Starblind: 8/10. This is what Isle of Avalon aimed for. The verses marry well with the slow intro and more importantly, the vocals marry with the rest. In fact, the whole song just fits together. The ebb and flow thing going on is what keeps this from being a song that's too long. Without the quiet sections, this would have better been a 4-85 minute song, but as it is, I've got exactly zero issues with this song. It's great.

The Talisman . 9/10. Awesome quiet, intro sections. The singing throughout the song is great - The belting is spot on, but that is part due to Shirley's compiling skills. He wrote in his diary that this one was a hassle and there were a lot of takes to dabble with and cut/paste from.

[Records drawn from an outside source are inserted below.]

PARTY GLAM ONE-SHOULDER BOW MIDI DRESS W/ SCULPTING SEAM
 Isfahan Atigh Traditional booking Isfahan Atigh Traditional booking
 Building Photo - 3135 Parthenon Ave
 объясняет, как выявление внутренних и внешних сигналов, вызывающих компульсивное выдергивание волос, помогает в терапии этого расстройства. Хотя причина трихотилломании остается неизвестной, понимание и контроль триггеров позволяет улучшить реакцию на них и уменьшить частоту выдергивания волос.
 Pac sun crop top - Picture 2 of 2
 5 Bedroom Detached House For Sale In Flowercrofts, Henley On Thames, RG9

You can tell in a few bits, but overall, great job, Shirely! The vocals fit perfectly and the drum fills are spot on. This is my favorite song off the album. The Maiden gallop between the verses just before 5mins is gold and the connecting riff afterwards is awesome - Easily that kind of riff that you don't know you're missing until you write it.

The Man Who Would Be King 6/10. This one just plods on. It suffers from the same things "The Astonishing" does. Things sound good while you listen to it, but afterwards you find it a bit reduntant. That being said, the riffage between the intro sections and the verse is really, really good, and the thundering toms, followed by the rising snare shots are the perfect things to play. This song would have been a great 5:30 minute song (without that weird mark 4 minute section, please). Clocking in over 8, it does however drag.

When The Wild Winds Blow 7/10. Interesting lyrical subject, great melodies throughout, lazy, lazy verse riffing, overused chord sequence. But it sounds good. It would have benefited from a bit of contrast and key changes. A potentially really good 7 minute song.